Today, you are three-years-old.
In many ways, this has been the longest three years of my entire life. In more ways, this time has spun by so quickly that I’m not even sure I’ve finished the initial exhale of finding out I was pregnant with you. In truth, I don’t even remember who I was before you. I cannot be defined by you, my child, but I can honestly say that the boundaries of my being expanded so far beyond anything I could have thought with thoughts that by simply adding “Abe’s mom” to my definition doesn’t really do anything justice. I continue to feel honored you chose me.
I heard someone say today, “Choose love in every moment with every person.” While adults wander around trying to do just that (or maybe, more accurately for some, trying not to) you, my darling, don’t even notice your own ego. You just choose love all the time and with all people. No one has ever “rubbed you the wrong way” and you’ve never questioned anyone’s kindness towards you. For me, you are a constant reminder that the universe does want us to feel love all the time, both giving and receiving with a big, huge open heart. You’re a complete inspiration in that way.
You’ve taught me in three years that all messes can be cleaned up (and done so with laughter), crying is an essential part of human nature we should all try once in a while, and to relax because no one cares what I look like when I’m in the picture with you anyways. You’ve taught me bright, shining eyes are the fastest way to show someone you’re listening. And, most ultimately, you’ve taught me none of us is meant to do this life alone.
You, my little one, are a ham. Your little ideas are just starting to spring forth from your words, new ones everyday. You are empathic and you are playful with everyone. You say what you need, and you say please and thank you. You check on me everyday to make sure I’m doing ok. You still love cars and trucks and trains. You also love building towers and castles with blocks, giving the dogs treats, and flipping through the pages of books we’ve read a hundred times, only now you “read” them to yourself. You tell me when you need to “take a break”, which is more than most grown-ups do. And lord if you aren’t better on an iPad than I am.
There are few things in the world you won’t eat. Please never stop eating that way.

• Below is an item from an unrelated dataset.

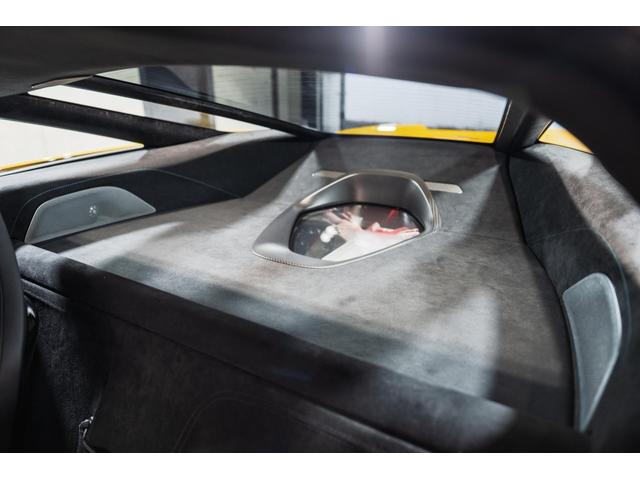 ７５０Ｓ Ｖｏｌｃａｎｏ　Ｙｅｌｌｏｗ　Ｖｏｒｔｅｘ－ｔｗｉｎ　５　Ｓｐｏｋｅ　Ｕｌｔｒａ－Ｌｉｇｈｔｗｅｉｇｈｔ　Ｗｈｅｅｌ・Ｐｅｒｆｏｒｍａｎｃｅ　ｉｎｔｅｒｉｏｒ・Ｂｏｗｅｒｓ＆Ｗｉｌｋｉｎｓ　１２　ｓｐｅａｋｅｒ（17枚目）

You love animals. Whether it’s our big dogs or a trip to the zoo, you could watch and play with animals for hours. And you’re gentle with animals! Loving, as if you know that they need you to be careful with them and safe. I just love that about you.
And of course, Abe, you are 3, so you shout and yell and sometimes hit when you’re tired. You tug on my clothes and cry to the heavens when it’s time to go to bed. You say things like, “Mommy, I need my privacies,” and you get quiet and whisper, “Do you hear a dump trunk?” everytime any truck drives by the house. Everyday you ask me, “What are-doin’, Mom?” and, “Can we go to the park?”
In three more years you will be six. If those years pass as quickly as these three have, I won’t know what to do with myself. I told everyone you would never be old enough to sleep through the night, to smile, to walk, to talk, to answer questions…It felt like you would be dependent on me for everything forever. And here you are, barely asking me for anything anymore.
I love you forever more than the moon and the sky. You are my light.